AI Technical Summary

Benefits of technology

[0007]Surprisingly, ISS-ODN have anti-inflammatory properties in addition to their immunostimulatory properties. ISS-ODN are therefore useful in the treatment and prevention of inflammation associated with antigen-stimulated granulocyte infiltration of tissue, such as occurs in the respiratory passages of asthmatics during an asthma attack. Advantageously, delivery of ISS-ODN according to the invention suppresses antigen-stimulated granulocyte infiltration into host tissue even before the ISS-ODN affect the host's immune response to the antigen. Thus, the invention provides an antigen-independent method to reduce antigen-stimulated inflammation by suppressing cellular adhesion, thereby avoiding the release of inflammatory mediators which would be stimulated through granulocyte-binding of endothelial cells.
[0008]An example of a therapeutic application for the invention is in the control of asthma, whereby the ISS-ODN are delivered into pulmonary tissue intranasally or by systemic routes. In asthmatics, eosinophil infiltration of lung tissue occurs mainly during the late phase of an allergic response to a respiratory allergen. Canonical immunotherapy can modulate the host immune response to the allergen and eventually stem the tide of eosinophils into the host airways.

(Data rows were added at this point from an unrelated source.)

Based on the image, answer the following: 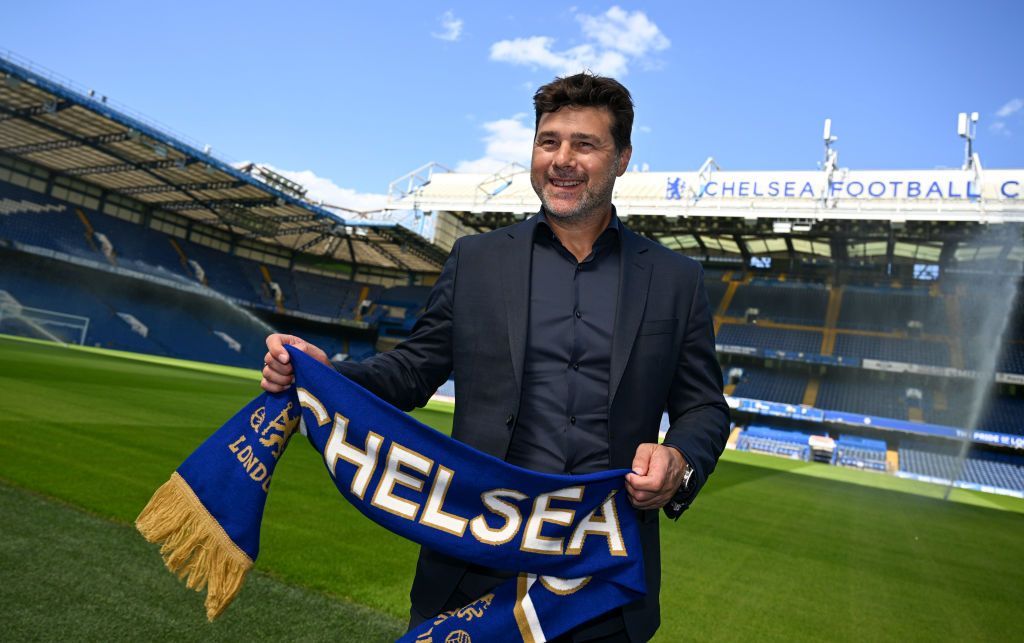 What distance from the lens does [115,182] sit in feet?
115

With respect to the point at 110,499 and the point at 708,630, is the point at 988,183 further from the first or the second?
the point at 110,499

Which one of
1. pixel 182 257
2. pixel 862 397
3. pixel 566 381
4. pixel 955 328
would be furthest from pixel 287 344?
pixel 182 257

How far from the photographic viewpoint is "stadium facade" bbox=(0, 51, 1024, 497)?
28031 millimetres

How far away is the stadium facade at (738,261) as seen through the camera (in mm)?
28031

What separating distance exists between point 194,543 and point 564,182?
138 cm

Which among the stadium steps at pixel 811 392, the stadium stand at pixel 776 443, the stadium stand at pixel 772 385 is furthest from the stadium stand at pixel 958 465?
the stadium stand at pixel 772 385

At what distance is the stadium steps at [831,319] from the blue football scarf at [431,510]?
36717mm

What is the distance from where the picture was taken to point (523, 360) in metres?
1.84

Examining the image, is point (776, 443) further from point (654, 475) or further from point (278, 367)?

However, practice of the invention suppresses eosinophil infiltration of host airways well before the host immune system responds to the respiratory allergen, thereby providing a form of protection against the airway narrowing and respiratory tissue damage which characterize an acute asthma attack.
[0009]In another aspect, the invention provides means to shift a present host cellular immune response to an antigen away from a Th2 phenotype and into a Th1 phenotype. To this end. ISS-ODN are delivered by any route through which antigen-sensitized host tissues will be contacted with the ISS-ODN. ISS-ODN administered in this fashion boost both humoral (antibody and cellular (Th1 type) immune responses of the host. Unlike canonical immunotherapy, immunity is stimulated by this method of the invention even when no additional antigen is introduced into the host. Thus, use of the method to boost the immune responsiveness of a host to subsequent challenge by a sensitizing antigen without immunization avoids the risk of immunization-induced anaphylaxis, suppresses IgE production in response to the antigen challenge and eliminates the need to identify the sensitizing antigen for use in immunization. An especially advantageous use for this aspect of the invention is treatment of localized allergic responses in target tissues where the allergens enter the body, such as the skin and mucosa.
[0011]The shift to a Th1 phenotype achieved according to the invention is accompanied by increased secretion of IFN α, β, and γ, as well as IL-12 and IL-18. Each of these cytokines enhance the host's immune defenses against intracellular pathogens, such as viruses. Thus, the invention encompasses delivery of ISS-ODN to a host to combat pathogenic infection.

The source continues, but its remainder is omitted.